— What is expected —
The output is a word-for-word repeat of the listing below, free of images.

-------- Provided data

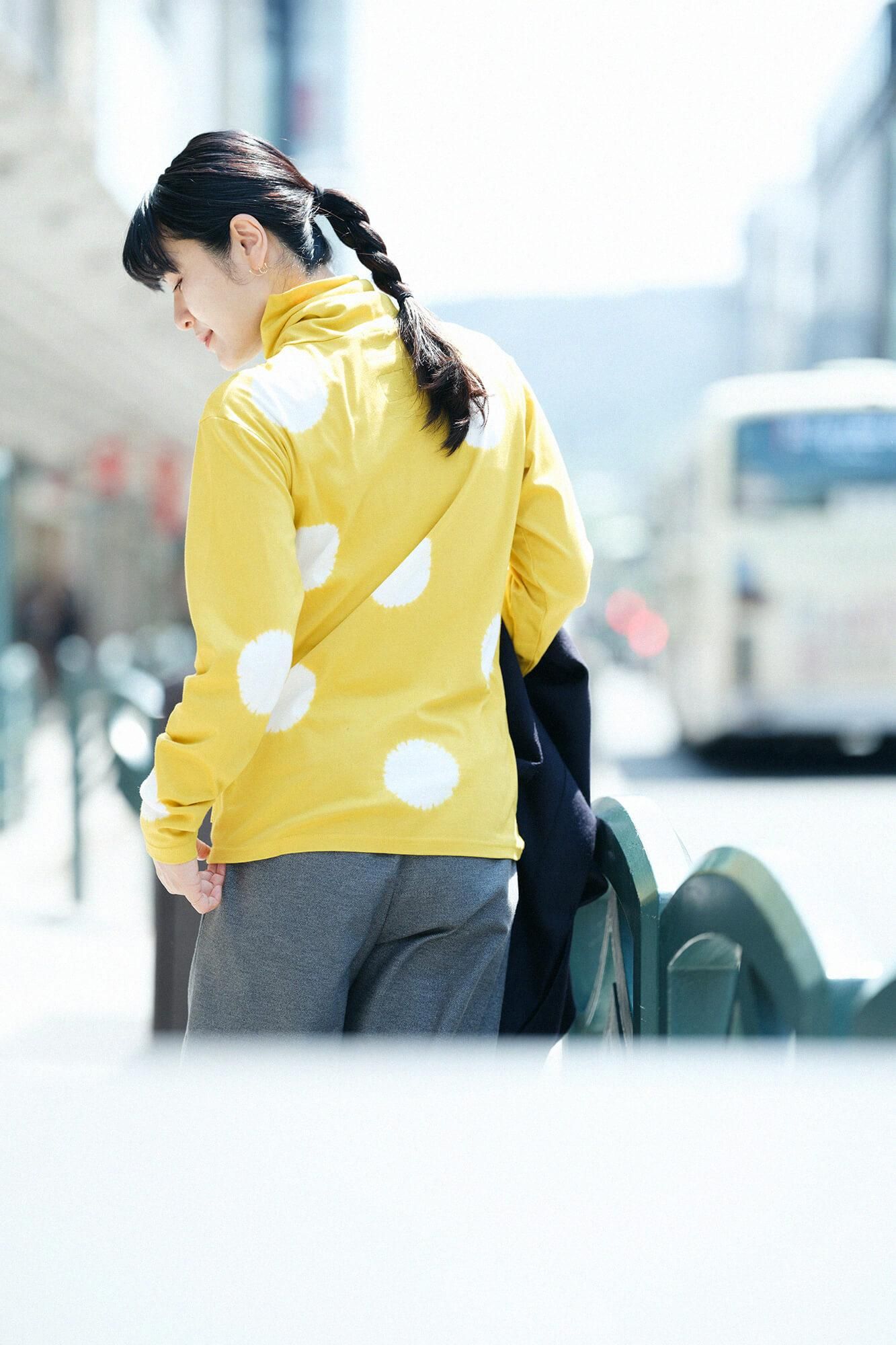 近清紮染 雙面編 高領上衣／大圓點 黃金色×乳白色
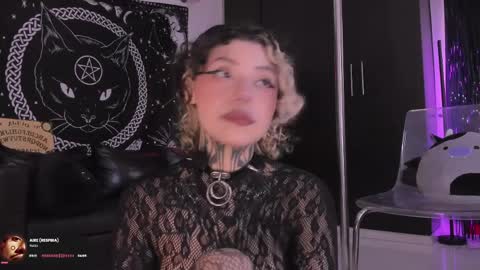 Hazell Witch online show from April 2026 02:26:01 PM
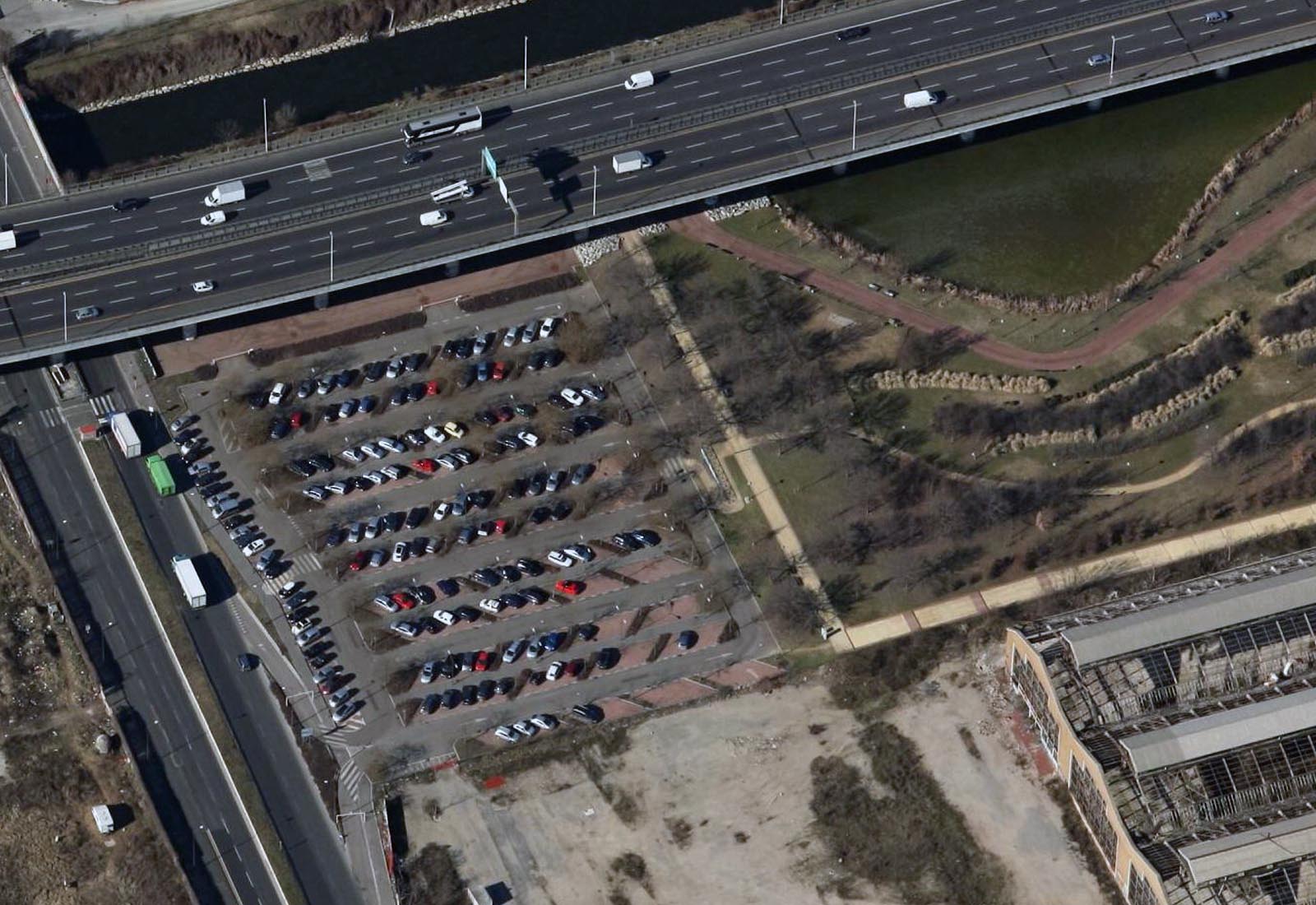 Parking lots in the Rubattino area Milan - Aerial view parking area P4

----------------

— Answer section —
 近清紮染 雙面編 高領上衣／大圓點 黃金色×乳白色
 Hazell Witch online show from April 2026 02:26:01 PM
 Parking lots in the Rubattino area Milan - Aerial view parking area P4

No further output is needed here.